Embedded Laplace Approximation
The embedded Laplace approximation replaces explicit sampling of potentially high-dimensional Gaussian latent variables with a local Gaussian approximation, marginalizing them out so that inference proceeds over the remaining hyperparameters alone. This approach is often referred to as the integrated Laplace approximation, although the exact details of the method can vary. The details of Stan’s implementation can be found in references (Margossian et al. 2020; Margossian 2023).
A standard approach to fit a latent Gaussian model would be to perform inference jointly over the latent Gaussian variables and the hyperparameters. Instead, the embedded Laplace approximation can be used to do approximate marginalization of the latent Gaussian variables; we can then use any inference over the remaining hyperparameters. By marginalizing out the latent variables, the sampler explores a lower-dimensional, better-behaved marginal posterior. Individual iterations are more expensive (each requires an inner optimization), but the sampler typically needs far fewer iterations to achieve the same effective sample size. How this trade-off resolves depends on the specific problem at hand.

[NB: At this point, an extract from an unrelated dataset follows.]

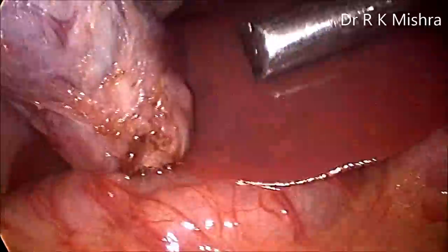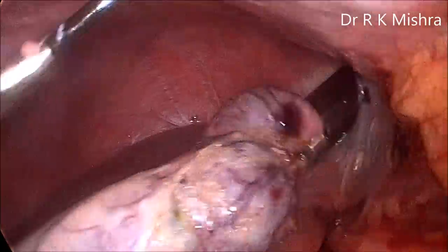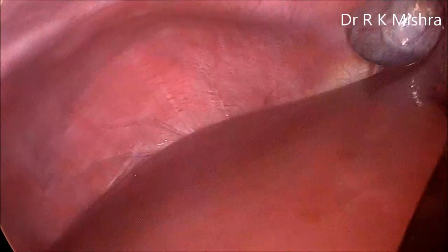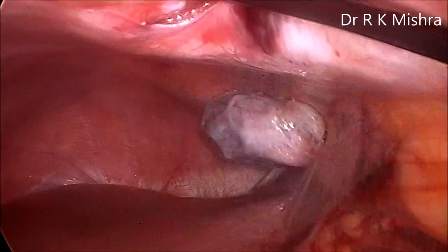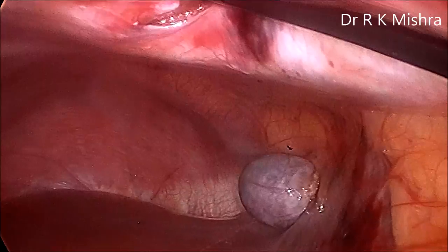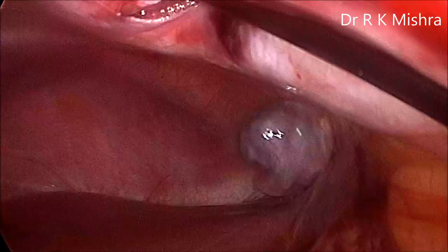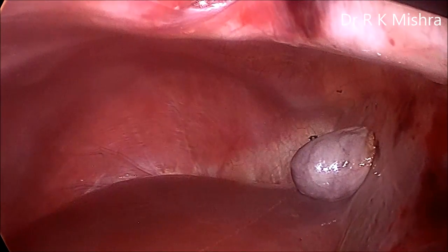Now hold the gallbladder with claw forceps, put the neck of the gallbladder into the cannula, and slowly the entire gallbladder is taken out. Be careful because there are multiple stones in this small child. With the Obama forceps, multiple times you can crush and take all the stones out, and then the gallbladder can be taken out. She had previous episodes of cholecystitis and multiple packed gallstones — large stones are crushed by Obama forceps and taken out.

For complete function signatures and the built-in likelihood wrappers (Poisson, Negative Binomial, Bernoulli), see the Embedded Laplace functions reference. For worked examples with full data blocks, see the Gaussian Processes chapter.
Latent Gaussian models
The embedded Laplace approximation is used for latent Gaussian models. A latent Gaussian model is defined by three components:
- \(\phi\): hyperparameters (e.g., GP kernel length-scale and magnitude, or variance components in a hierarchical model),
- \(\theta\): latent Gaussian variables (the high-dimensional quantity to be marginalized out),
- \(y\): observed data.
These components are related through a hierarchical structure. The hyperparameters \(\phi\) are given a prior \(p(\phi)\). The latent variables \(\theta\) have a multivariate normal prior centered at 0 with covariance matrix \(K(\phi)\). An non-zero mean offset can be incorporated into the likelihood function. The observations \(y\) have a data model \(p(y \mid \theta, \phi)\). The prior on \(\theta\) is centered at zero; an offset can be incorporated into the data model if a non-zero mean is needed.
\[\begin{eqnarray*} \phi & \sim & p(\phi) \\ \theta & \sim & \text{Multi-Normal}(0, K(\phi)) \\ y & \sim & p(y \mid \theta, \phi). \end{eqnarray*}\]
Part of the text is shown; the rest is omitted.